En cohérence avec cet exercice de transparence unique parmi les médias en France, l’équipe de Mediapart a décidé d’aller à la rencontre de son public durant toute l’année 2023, en organisant quinze événements dans quinze villes différentes pour célébrer nos quinze ans. Cette tournée commence à Paris, au CentQuatre, le samedi 25 mars et se terminera à Bruxelles en décembre.

Pour terminer, voici des mots écrits il y a cinquante-cinq ans qui semblent l’avoir été aujourd’hui même pour saluer les quinze années de bons et loyaux services de Mediapart au bénéfice de l’intérêt général, par son journalisme de révélation et d’impact. Préfaçant en 1968 un livre de Jean Schwœbel sur La Presse, le Pouvoir et l’Argent, le philosophe Paul Ricœur notait que la lutte des journalistes pour leur indépendance « est un combat avec et contre le reste des mass media ».

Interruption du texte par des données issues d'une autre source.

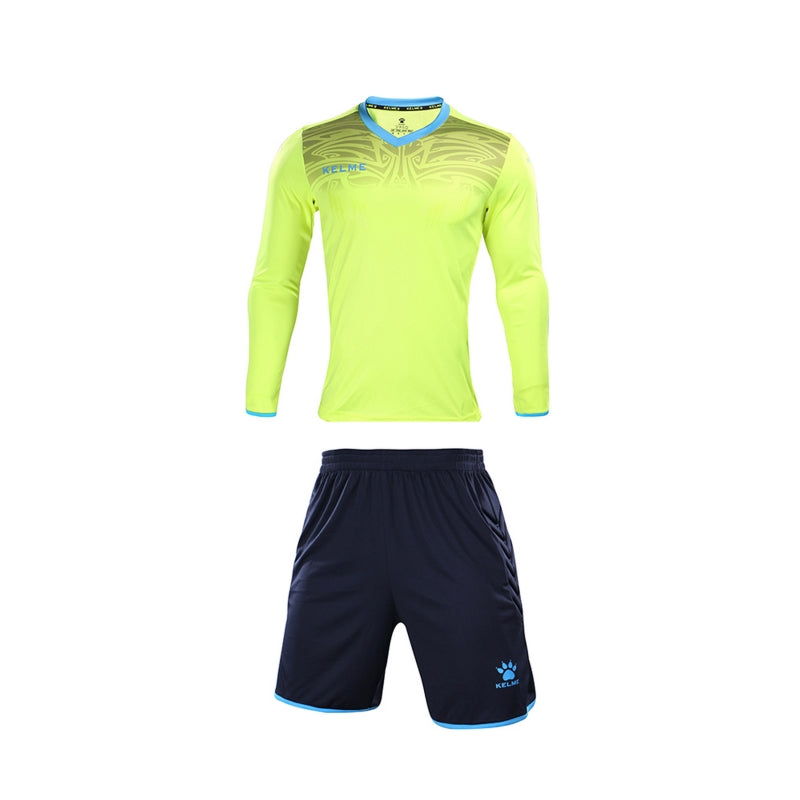 Kelme Zamora L/S Goalkeeper Set - Yellow / Black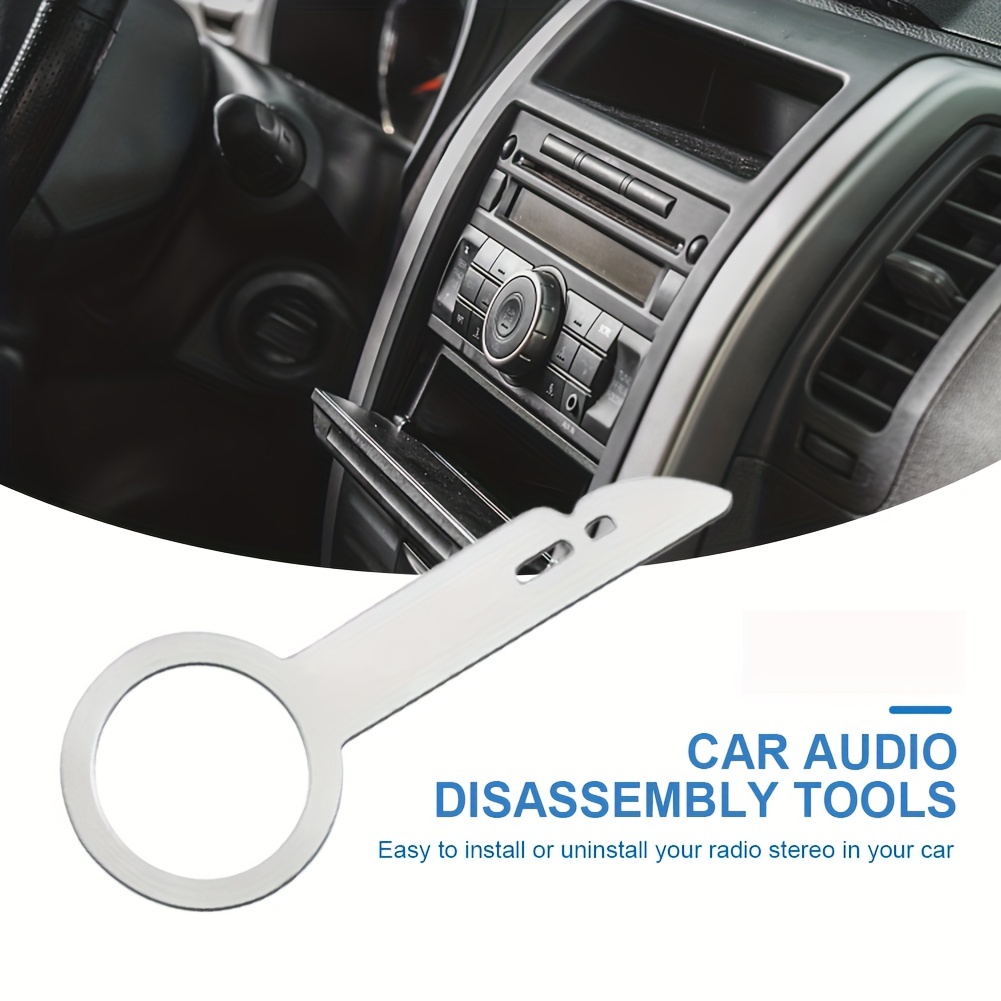 Auto Audio Entfernung Schlüssel Edelstahl Audio Sound - Temu Luxembourg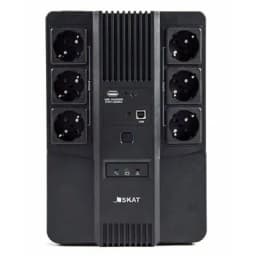 Источник бесперебойного питания (ИБП) SKAT-UPS 800 AI Бастион
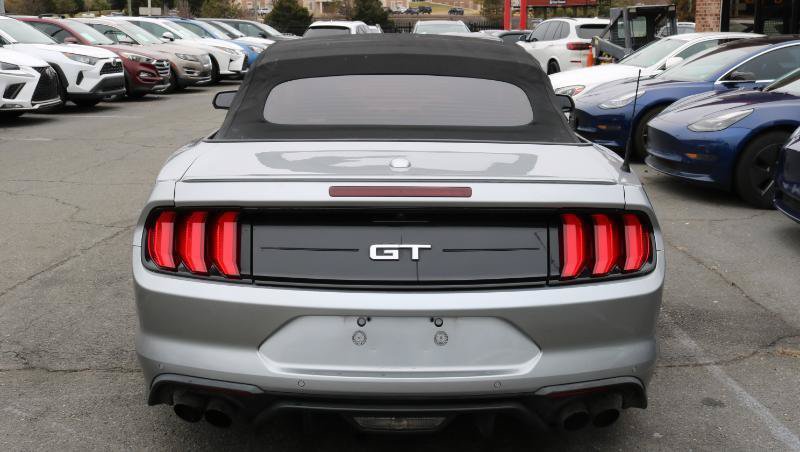 Used 2020 Ford Mustang GT Premium w/ Equipment Group 401A RWD image 8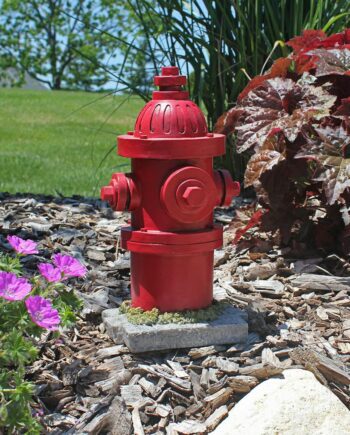 Dog's Second Best Friend Fire Hydrant Statue: Small QL5992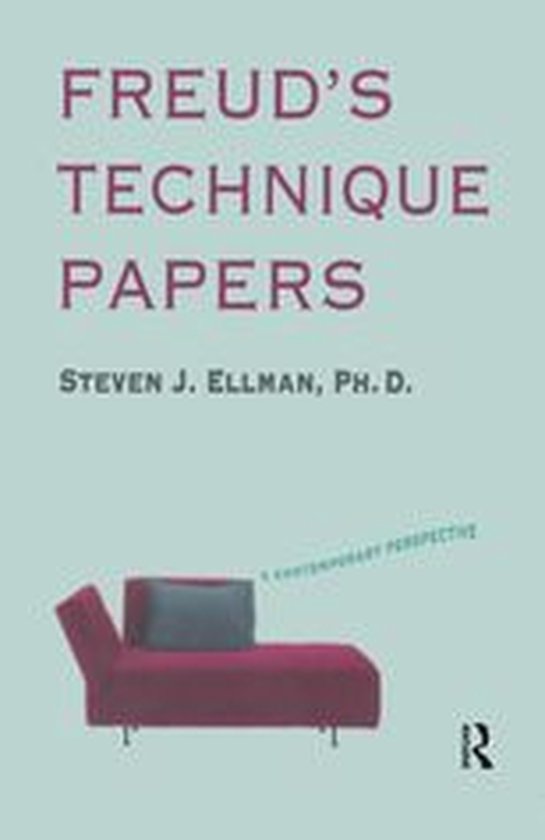 Freud's Technique Papers - cover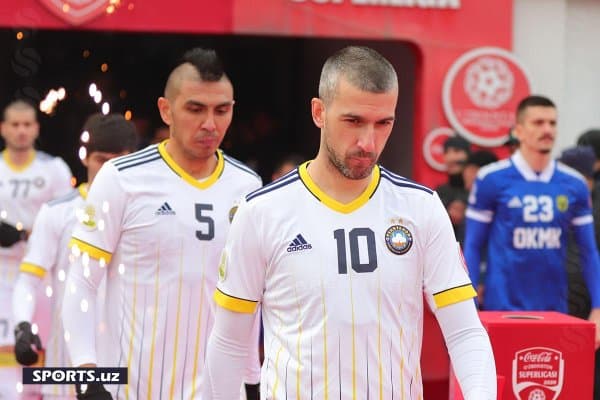 "Пахтакор"нинг "Зенит"га қарши таркиби маълум (Фото)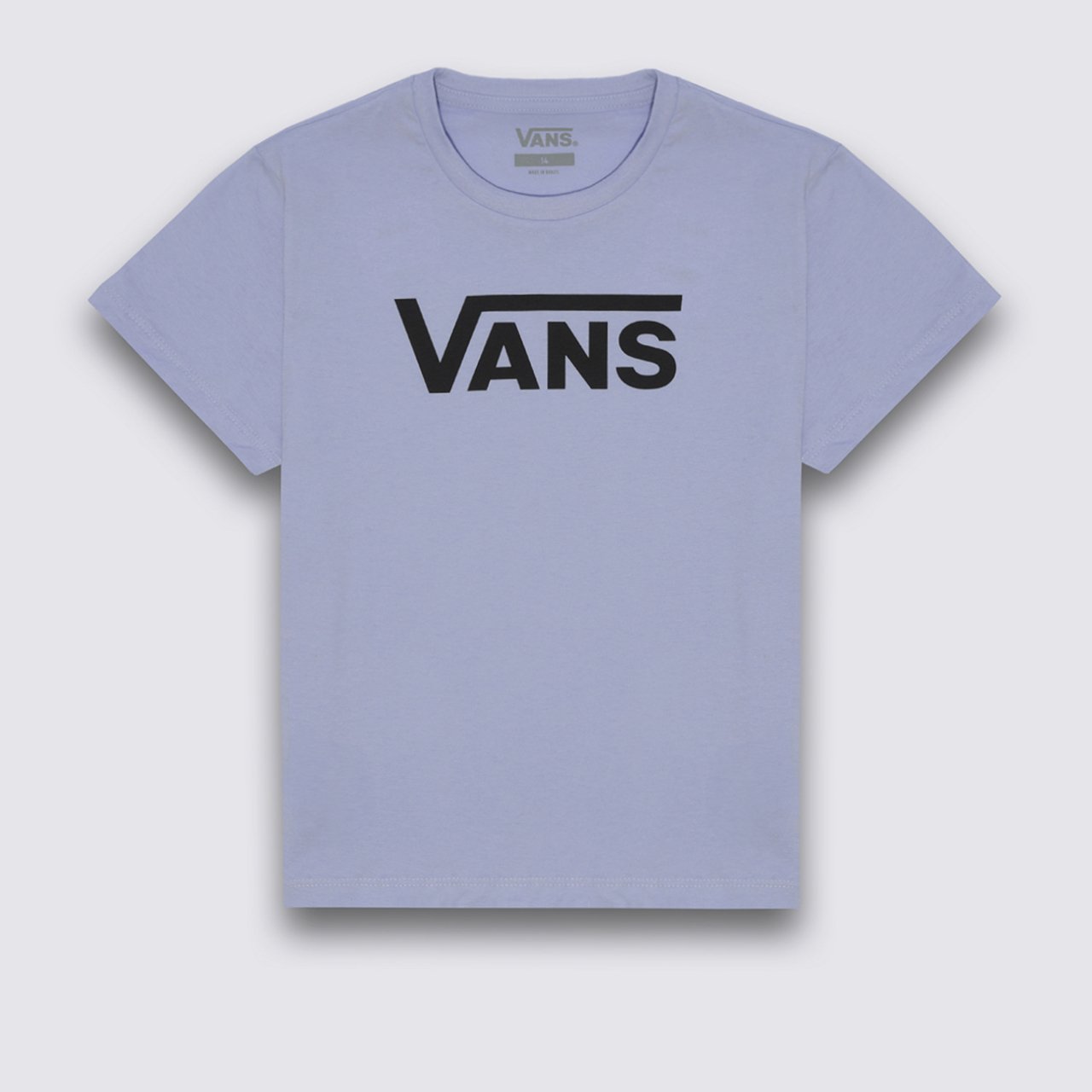 Camiseta Flying V Crew Girl Ss Infantil Sweet Lavender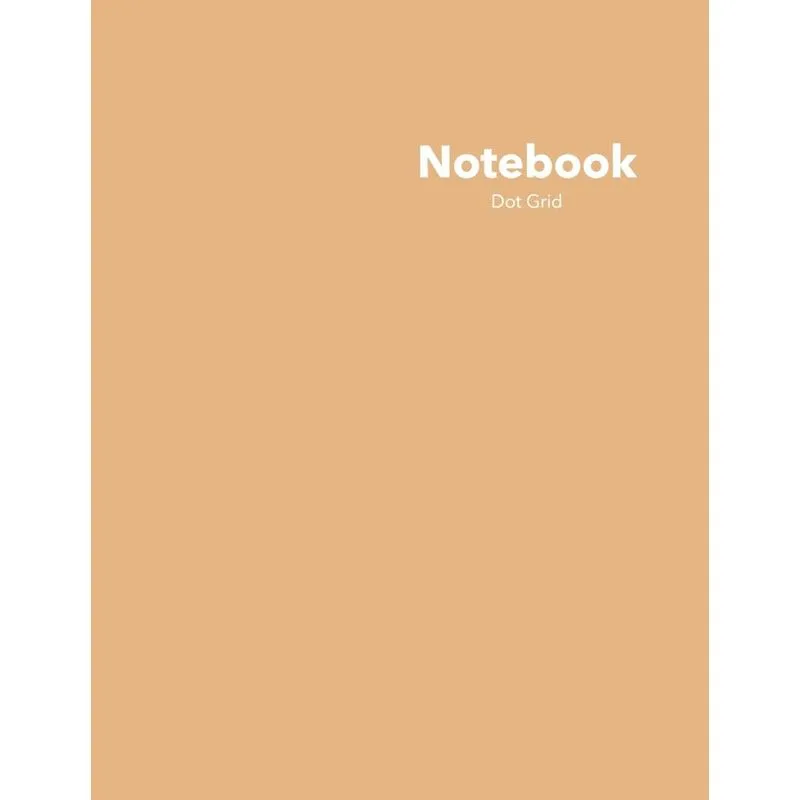 Dot Grid Notebook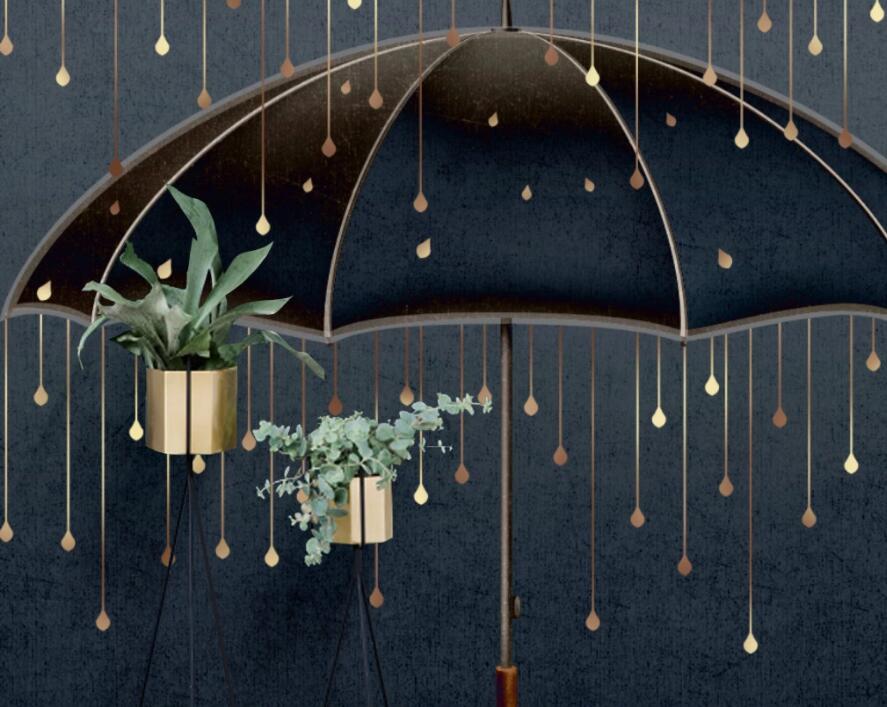 3D Umbrella 1600 Wall Murals Wallpaper AJ Wallpaper 2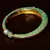 Meenakari Worked Ruby and Pearl Embellished High-end Designer Bracelet BD372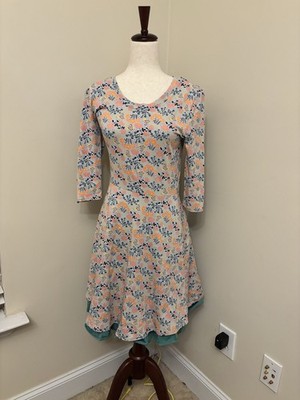 Matilda Jane With Joanna Gaines Down on the Farm Women s Ruffled Dress Size S
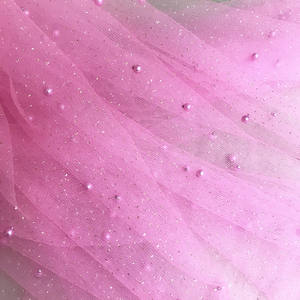 Poudre Nail Bead <span class=keywords><strong>Spray</strong></span> Or et Argent Perle Nail Bead Gaze Tissu Robe Gaze Matériel - Product Image 5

« Ceux-ci, ajoutait-il, ont deux pentes : descendante et montante. La pente descendante, c’est celle de la presse commercialisée, pour qui l’information est une marchandise. Soumise aux impératifs de la publicité et des gros tirages, livrée à la recherche du sensationnel, elle amplifie les préjugés et les haines, et entretient l’égoïsme collectif des nations nanties, le chauvinisme instinctif et le racisme latent de la population. La presse de qualité est alors responsable non seulement d’informer sur les faits et les événements, mais encore de “parler contre” les préjugés de la foule. Ce que le public doit réclamer, ce dont il doit avoir l’appétit, c’est d’une presse qui résiste à cette pesanteur des mass media et lutte contre la tentation de manipuler, de dégrader, et parfois d’avilir, qui est celle de la presse commercialisée. »
Le constat est plus vrai que jamais. De médias de masse, radios et télévisions en accès libre et continu, à des réseaux sociaux numériques, où se déploie un anonymat irresponsable, nous sommes désormais confrontés à l’avènement d’une démocratie d’opinions qui est le contraire d’une démocratie informée, respectueuse d’elle-même et consciente de sa fragilité. La liberté de parole, de tout dire, y compris le pire et l’abject, y est même devenue l’alibi de la libération du racisme, cheval de Troie d’une négation générale de cette égalité des droits qui est au principe premier d’une culture démocratique – sans distinction d’origine, de condition, de croyance, d’apparence, de sexe ou de genre.
Radicalement démocratique par ses valeurs, le journalisme que, depuis 2008, illustre, promeut et défend Mediapart se situe à l’opposé. C’est ce que nous entendons rappeler en 2023 à l’occasion de ce quinzième anniversaire, en communiquant sur le thème « Sans nous, vous ne l’auriez pas su » pour rappeler combien nos enquêtes ont révélé et continuent de révéler des réalités qui, sinon, seraient restées enfouies, cachées ou étouffées.

Cette audace collective repose sur une seule ressource : le soutien de nos abonné·es qui ne s’est jamais démenti (si vous ne l’êtes pas encore, cela se passe ici). Grâce à leur nombre et à leur fidélité, Mediapart a les moyens de son indépendance, sans jamais céder aux facilités qui, ailleurs, la corrompent – par la propriété du capital, les subventions de l’État, la dépendance des publicitaires ou les aides des plateformes numériques.
Soyez-en chaleureusement remercié·es au nom de toutes celles et de tous ceux qui, quotidiennement, font ce journal.